Interestingly, the primary outcome result in the pilot study differed significantly from the one in the actual study (pilot 94.4% vs. study 74.3% correct prediction identification). One possible explanation for this difference is that the pilot study cohort was already familiar with the original VP visualizations (although not with the prediction visualizations) and thus had fewer new things to learn before the study. In comparison, the majority of the actual study participants were encountering VP for the first time. This raises the question of whether a longer familiarization period could have improved the percentage of correct urgency identification, and thus also that of correct prediction identification.

This hypothesis is supported by the learning effect that we confirmed quantitatively and from the participants' feedback. Intuitiveness and learning ease are essential for accepting new technologies and crucial for their successful clinical introduction [16]. In our case, these requirements seem to be achieved, as the majority of the survey participants could imagine working with VP Predictive in the future.
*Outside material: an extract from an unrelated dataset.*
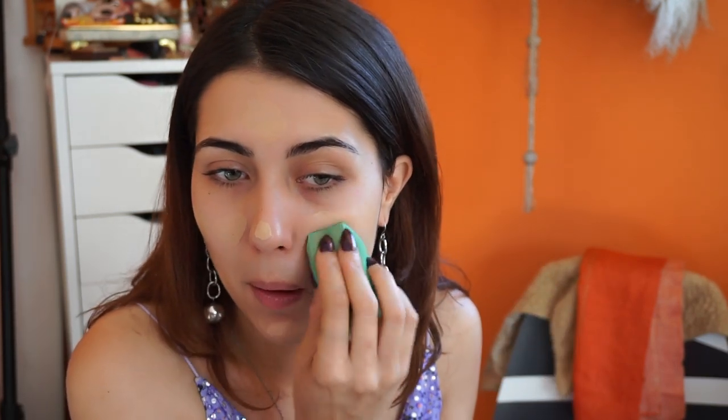I cannot get over how in love I am with the RMS Beauty Uncover Up Cream Foundation. I am obsessed with it, and it's really agreeing with my skin. My skin can get clogged pores, but I've used this continually and haven't noticed anything out of the ordinary — I haven't noticed the congestion I normally do. I take about this much product on the back of my hand — it comes with a little metal spatula applicator. I wear shade 22, a perfect match for me. This is a really nice medium-coverage foundation. You really don't need a lot of product; it looks incredibly natural on the skin.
Considering our study results, we believe that - with some modifications - VP Predictive may have the potential to display vital sign predictions generated by ML models in a way healthcare professionals can understand and translate into direct actions. VP Predictive is intended to guide users attention. When alerted by a prediction, caregivers should ultimately consider all available information and decide on an appropriate response (e.g., fluids or vasopressors in case of a low blood pressure prediction).

4.1. Strenghts and Limitations

Like all computer-based studies, this study has particular strengths and limitations. First, the conditions under which it took place differ from the clinical reality, in which many more factors are present [20]. In addition, participants evaluated only videos in which the VP was shown in a physiological state and in which exactly one prediction was shown at a time. Such scenarios differ from the more complex clinical reality, so studies in more realistic settings will be needed to evaluate the true clinical value (e.g., a high-fidelity simulation study) [21].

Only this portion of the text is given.